I dunno how orange looks to me. I can see orange, but whether it looks to me the same as it looks to you is highly debatable.
Chartreuse? I don't have a clue what that's supposed to look like. If it's what I think it is, it looks either gray or muddy brown.
One of the first major emotional traumas in my life was when I used purple to color the ocean when I was in kindergarten and I got teased for it. I didn't know it was purple -- I couldn't see the red in it, to me it looked like navy blue.
I'm colorblind also. Pink would be a terrible idea, for the same reasons.
On the how we see color: For my birthday last year, my in-laws bought me some colorblind glasses.
They claim to filter certain wavelengths to let you see color normally.
I can't speak to if it really works, but it lets me see colors differently. For example, I have a purple shirt and a blue shirt that look almost identical to me, just barely a different shade.
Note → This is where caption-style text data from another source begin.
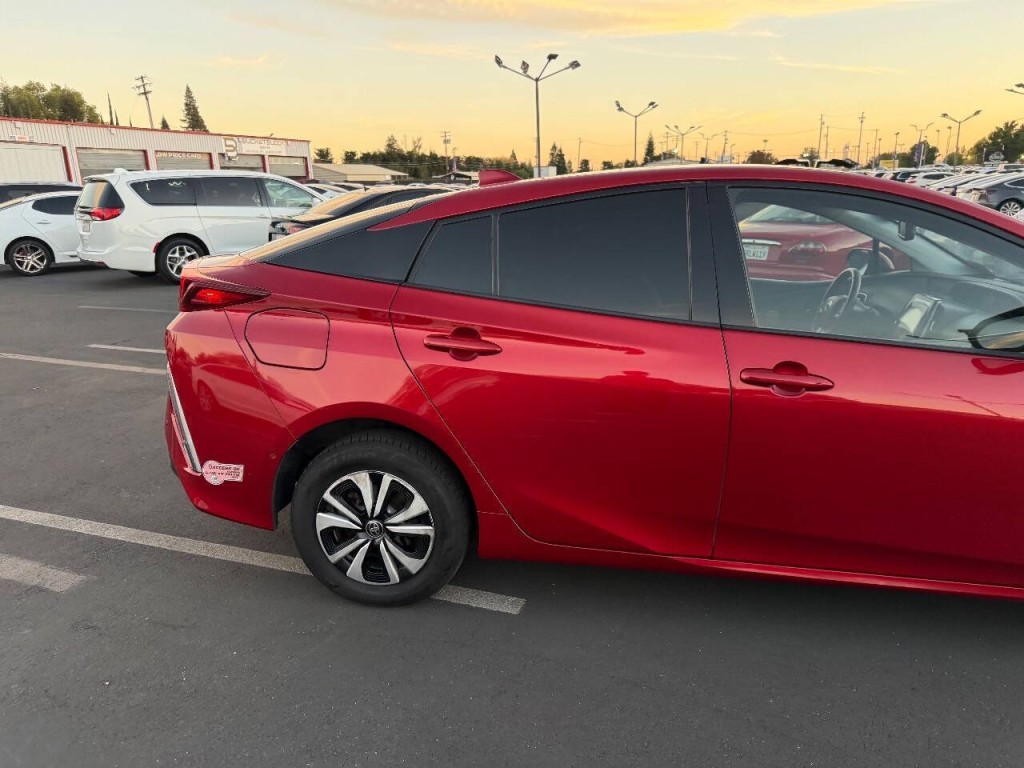 2017 Toyota Prius Image 33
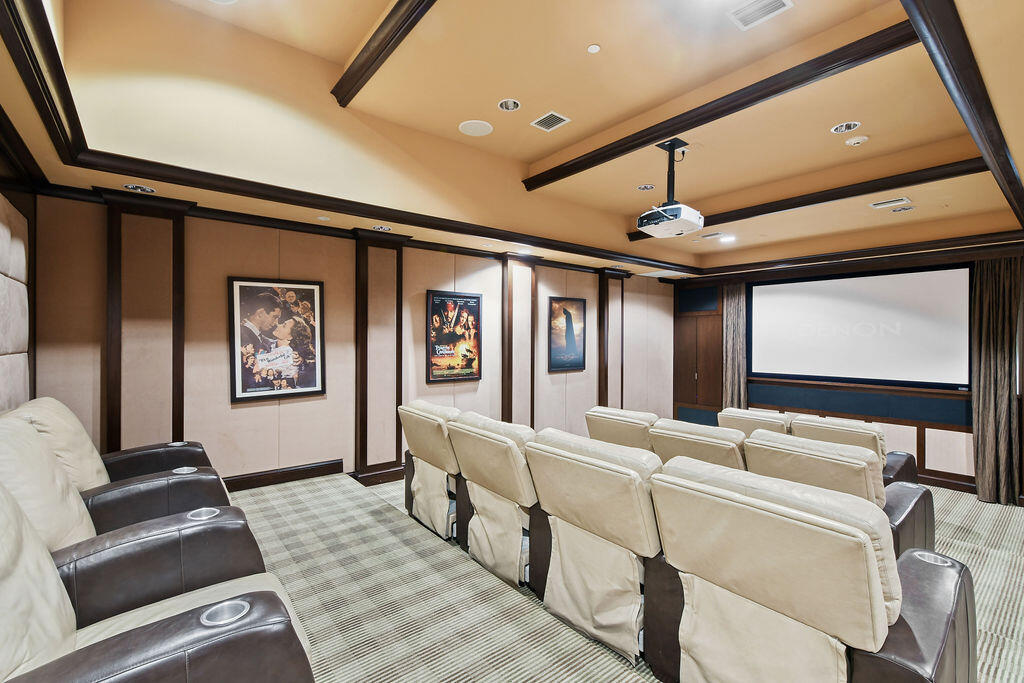 701 S Olive Avenue S 1413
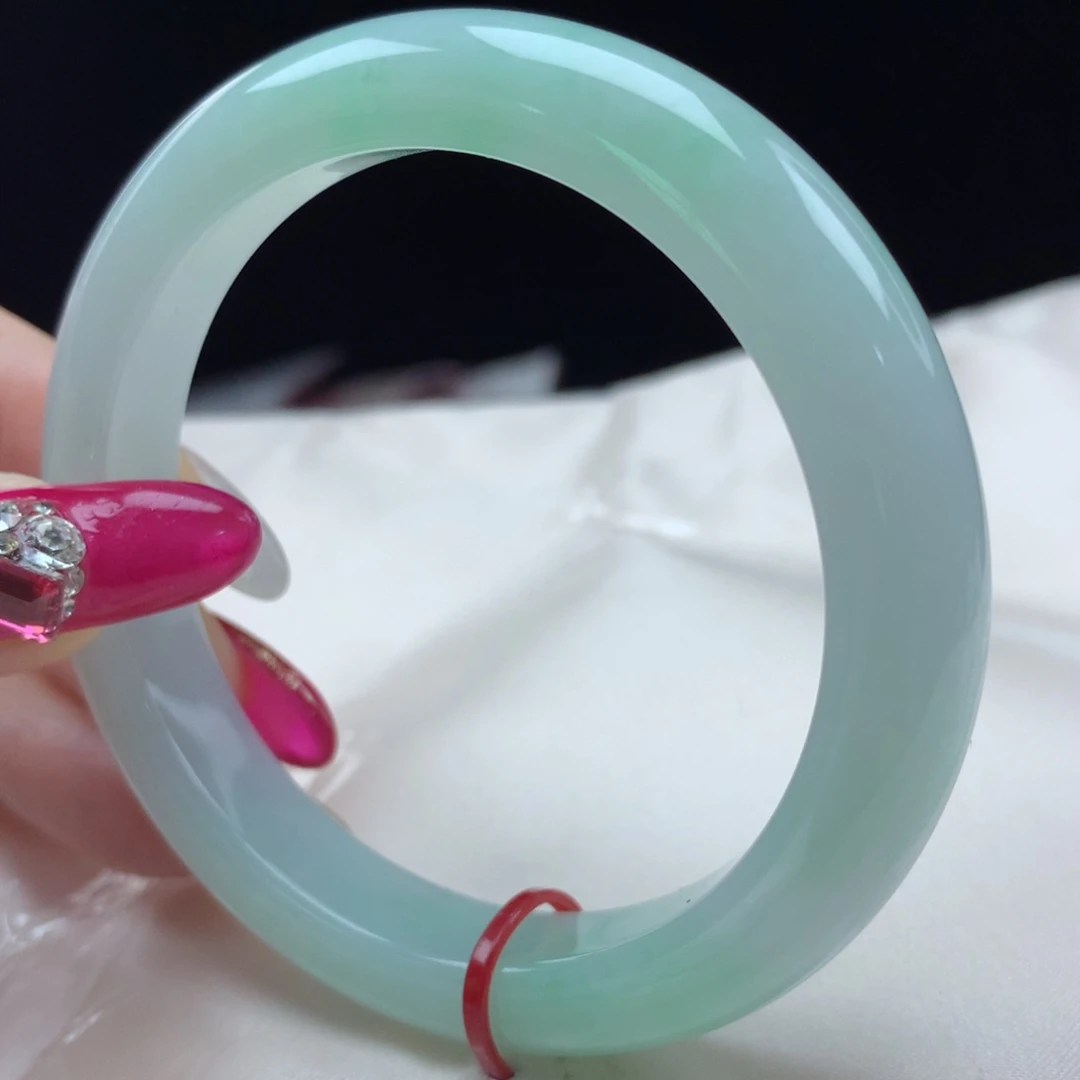 未镶嵌手镯翡翠97209，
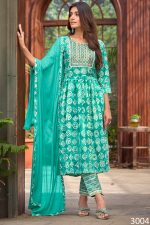 Nayra Cut Heavy Muslin Kurties With Pent And Dupatta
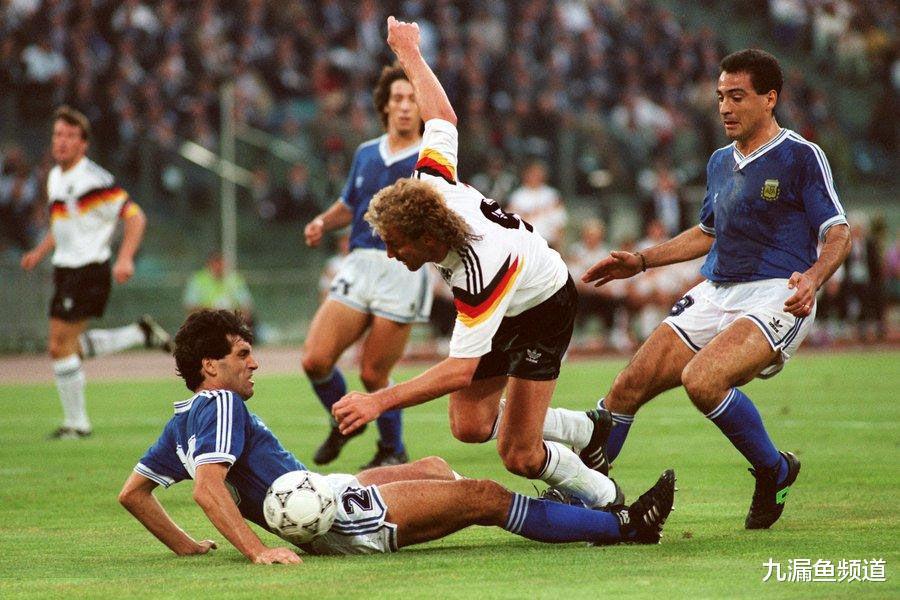 1990年世界杯：阿联酋挤掉国足成功入围，第二轮遭遇惨案(2)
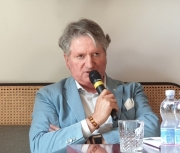 Pezzanesi: "Guarder&ograve; negli occhi il premier e chieder&ograve; che ci ascolti"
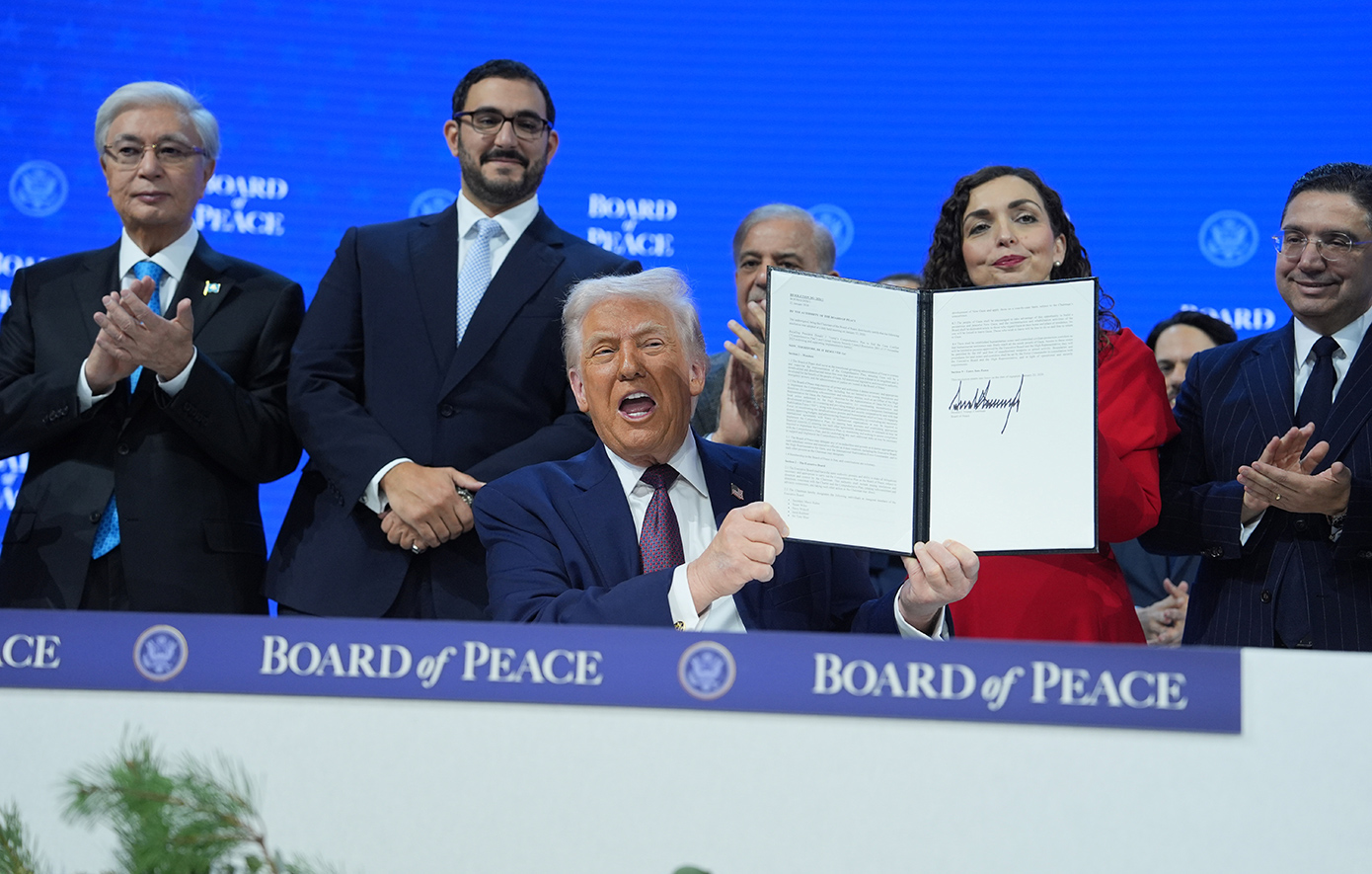 Έπεσαν οι υπογραφές για το «Συμβούλιο Ειρήνης» του Τραμπ, δείτε live &#8211; «Όλοι θέλουν να γίνουν μέλη του»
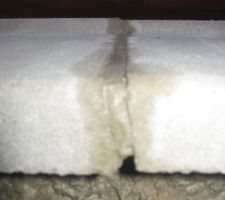 Seuil de porte-fen&ecirc;tre bricol&eacute;.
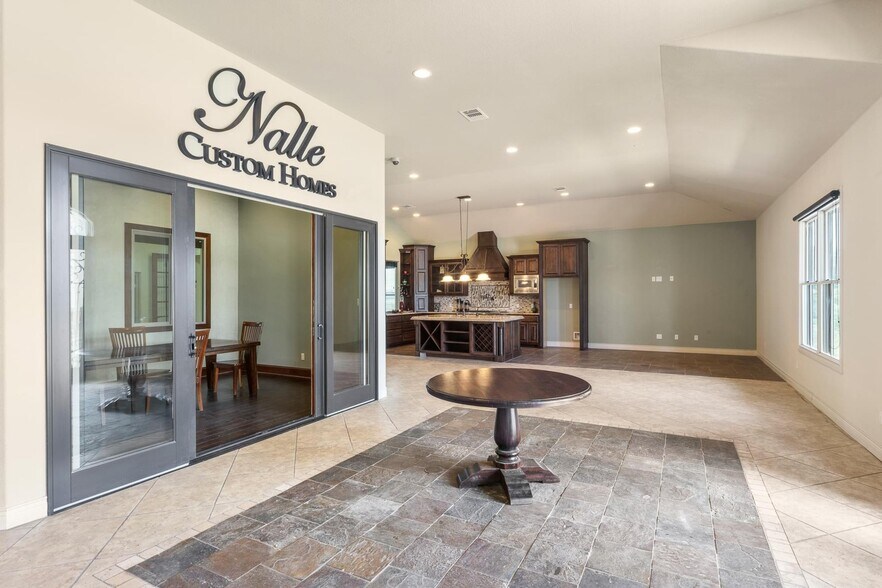 More Photos Of 105 Applewood Dr, Cedar Creek Office For Sale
Put the glasses on and the difference couldn't be clearer. Other colors become MUCH more vibrant.
Pinks, even ones I could see before seem fluorescent to me. Blood red becomes a bright color instead of a deep color. Sky blue ( as in the actual sky) becomes.... Uhh... More blue?
Construction/hunter orange ( here's where it applies) goes from pleasant, deep orange (as I usually see it) to an obnoxious orange, which is likely more what it appears to normal people.
Effectively, most colors are subdued to me without the glasses. Gives me an idea of how people have strong feelings about color choices. (Mostly I don't care.)
Yellow seems the only color unaffected by the glasses. Whether that means i see it correctly or the glasses just don't change it, I can't say.